What 3 numbers can you multiply to get 252 as your product
The Correct Answer and Explanation is :
To find three numbers that multiply to give a product of 252, we can break down the number into its prime factors and then look for combinations. The prime factorization of 252 is:
[ 252 = 2^2 \times 3^2 \times 7 ]
From this factorization, we can explore different combinations of the prime factors to arrive at three numbers. One straightforward combination is:
1. 3, 7, and 12
Explanation
- Finding Prime Factors: The first step in solving the problem is to find the prime factorization of 252. As noted above, it breaks down to ( 2^2 \times 3^2 \times 7 ). This means that 252 can be expressed as the product of its prime factors, which gives us flexibility in choosing different combinations.
- Choosing Combinations: To find three numbers, we can group the factors in various ways. One combination is to take the factors 3, 7, and the product of the remaining factors, which is ( 2^2 \times 3 = 12 ). Thus, we have: [
3 \times 7 \times 12 = 252
] - Verifying the Product: It’s essential to verify that the chosen numbers indeed multiply to 252: [
3 \times 7 = 21
]
[
21 \times 12 = 252
] - Alternative Combinations: Other combinations can be explored as well. For example, ( 2 \times 6 \times 21 ) also results in 252, where ( 6 ) is derived from ( 2 \times 3 ).
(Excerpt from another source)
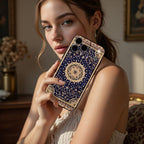 Persian Heritage Phone Case Vintage Carpet Design Protective Case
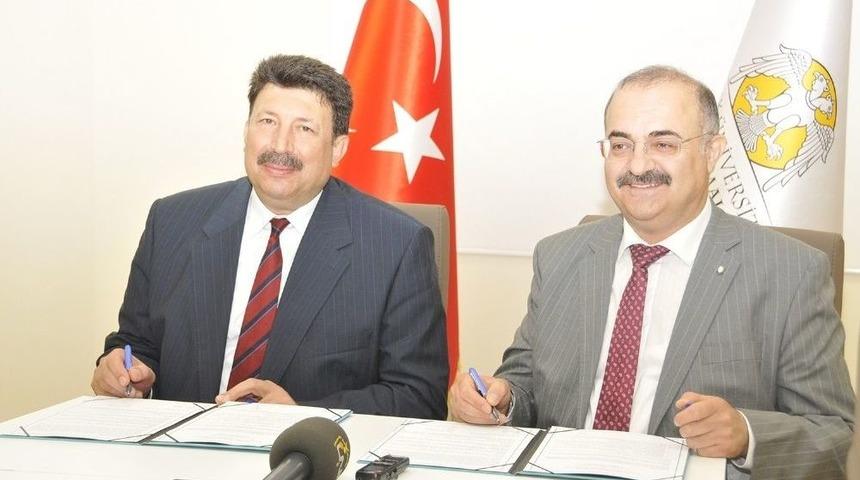 S&uuml; İle İt&uuml;-kktc Arasında İş Protokol&uuml; İmzalandı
- Conclusion: Thus, multiple sets of three numbers can yield a product of 252. However, a clear example is 3, 7, and 12, which illustrates how we can manipulate the prime factors to derive valid combinations. This process not only showcases the versatility of prime factorization but also enhances problem-solving skills in multiplication.
In summary, ( 3 \times 7 \times 12 = 252 ) is a valid and illustrative combination of three numbers resulting in the specified product.